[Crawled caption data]
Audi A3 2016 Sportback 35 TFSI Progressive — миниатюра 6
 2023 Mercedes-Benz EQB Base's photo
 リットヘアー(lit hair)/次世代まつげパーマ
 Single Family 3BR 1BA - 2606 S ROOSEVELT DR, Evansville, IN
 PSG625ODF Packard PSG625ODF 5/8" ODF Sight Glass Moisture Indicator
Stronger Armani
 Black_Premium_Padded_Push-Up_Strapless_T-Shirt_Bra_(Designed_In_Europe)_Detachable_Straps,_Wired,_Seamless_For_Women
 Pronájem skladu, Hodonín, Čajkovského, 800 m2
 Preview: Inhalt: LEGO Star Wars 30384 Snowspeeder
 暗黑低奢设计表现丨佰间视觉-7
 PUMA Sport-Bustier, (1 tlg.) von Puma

__What you will do__. Print exactly the line containing "Single Family 3BR" and every line after it through the end of the records above, and nothing else.

__Response to this task__.
 Single Family 3BR 1BA - 2606 S ROOSEVELT DR, Evansville, IN
 PSG625ODF Packard PSG625ODF 5/8" ODF Sight Glass Moisture Indicator
Stronger Armani
 Black_Premium_Padded_Push-Up_Strapless_T-Shirt_Bra_(Designed_In_Europe)_Detachable_Straps,_Wired,_Seamless_For_Women
 Pronájem skladu, Hodonín, Čajkovského, 800 m2
 Preview: Inhalt: LEGO Star Wars 30384 Snowspeeder
 暗黑低奢设计表现丨佰间视觉-7
 PUMA Sport-Bustier, (1 tlg.) von Puma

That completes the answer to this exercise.